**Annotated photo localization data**

# # #

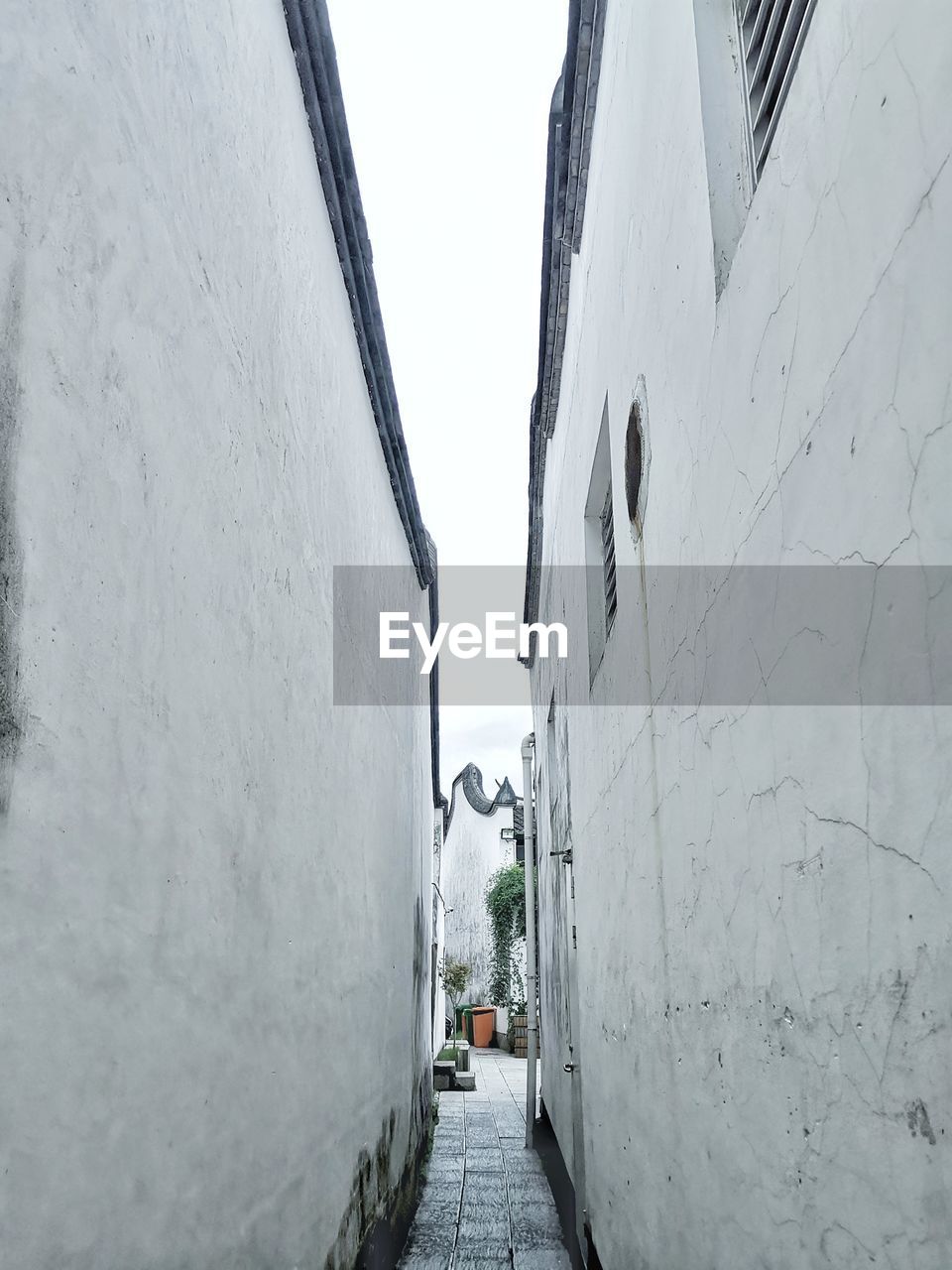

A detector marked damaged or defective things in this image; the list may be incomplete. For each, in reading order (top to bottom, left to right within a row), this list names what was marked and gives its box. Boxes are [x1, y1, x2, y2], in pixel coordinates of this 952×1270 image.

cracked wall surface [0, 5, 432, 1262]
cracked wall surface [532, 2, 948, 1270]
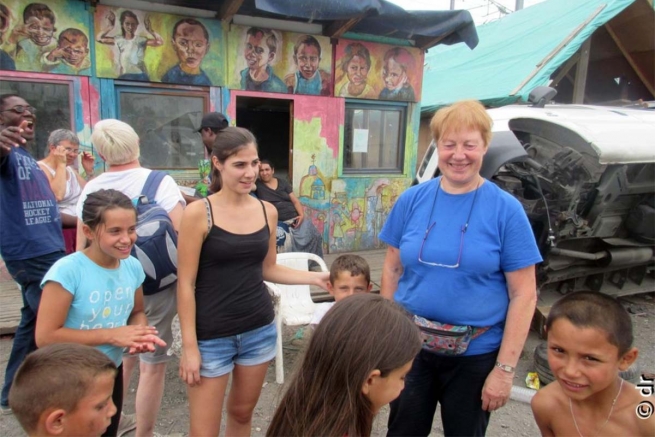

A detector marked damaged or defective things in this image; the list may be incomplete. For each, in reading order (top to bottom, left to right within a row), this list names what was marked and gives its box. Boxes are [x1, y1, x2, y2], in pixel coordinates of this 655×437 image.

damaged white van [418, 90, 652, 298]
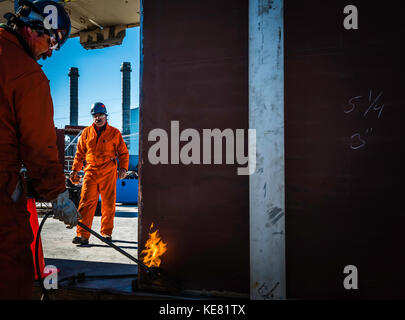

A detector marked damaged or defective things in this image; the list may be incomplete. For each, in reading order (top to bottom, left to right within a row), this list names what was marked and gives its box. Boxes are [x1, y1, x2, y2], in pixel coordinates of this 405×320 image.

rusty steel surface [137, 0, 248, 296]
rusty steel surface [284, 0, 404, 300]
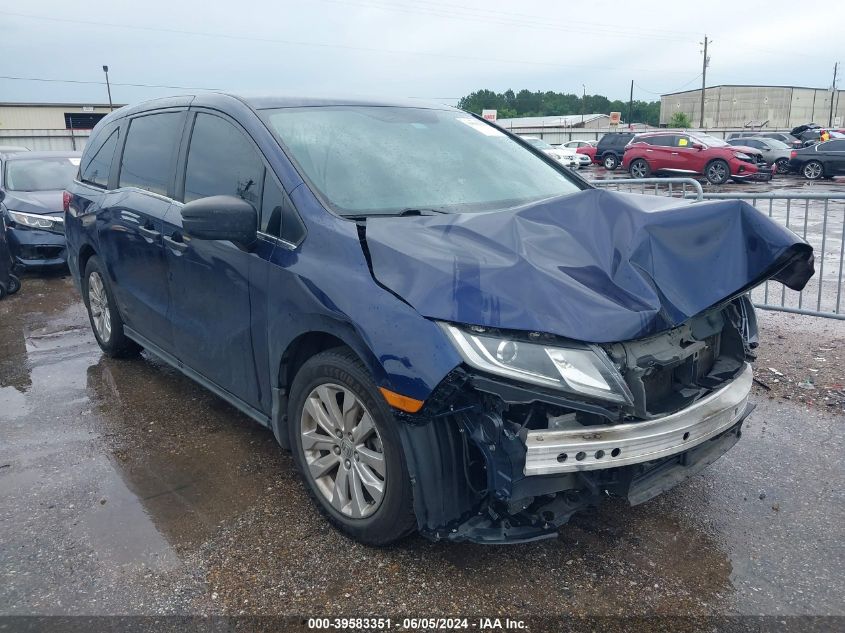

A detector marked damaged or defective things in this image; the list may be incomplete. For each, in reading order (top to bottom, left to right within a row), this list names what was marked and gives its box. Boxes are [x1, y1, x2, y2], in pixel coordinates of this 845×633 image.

# # #

**Your goal**
All the records need to be retyped word for word, except for the pictures.

**Answer to this exercise**
A detector marked damaged or defective things in this image; the list may be incomplete. For each, in reading order (top to bottom, left to right within a row), this list names what was marked and gives its box. Boxes are [x1, y1, x2, y2], in pixel coordinates of this 952×1270 image.

cracked wall surface [0, 5, 432, 1262]
cracked wall surface [532, 2, 948, 1270]

A detector marked damaged or defective things in this image; the list may be incomplete. For each, in reading order (top to bottom, left to right within a row), this list names what was marked and gives its box. Boxes are [x1, y1, x2, y2], in pixel coordinates of this 655×437 image.

damaged white van [418, 90, 652, 298]

A detector marked damaged or defective things in this image; the list may be incomplete. For each, in reading order (top to bottom, left to right within a row), this list names what was marked and gives its box. Boxes are [x1, y1, x2, y2], in pixel coordinates of this 405×320 image.

rusty steel surface [137, 0, 248, 296]
rusty steel surface [284, 0, 404, 300]

A detector marked damaged or defective things in this image; the list may be incomplete. For each, in reading order (top to bottom, left to right within a row), this list names what was marked and gives its box. Boxes are [x1, y1, x2, y2], in pixel coordinates of this 845×633 image.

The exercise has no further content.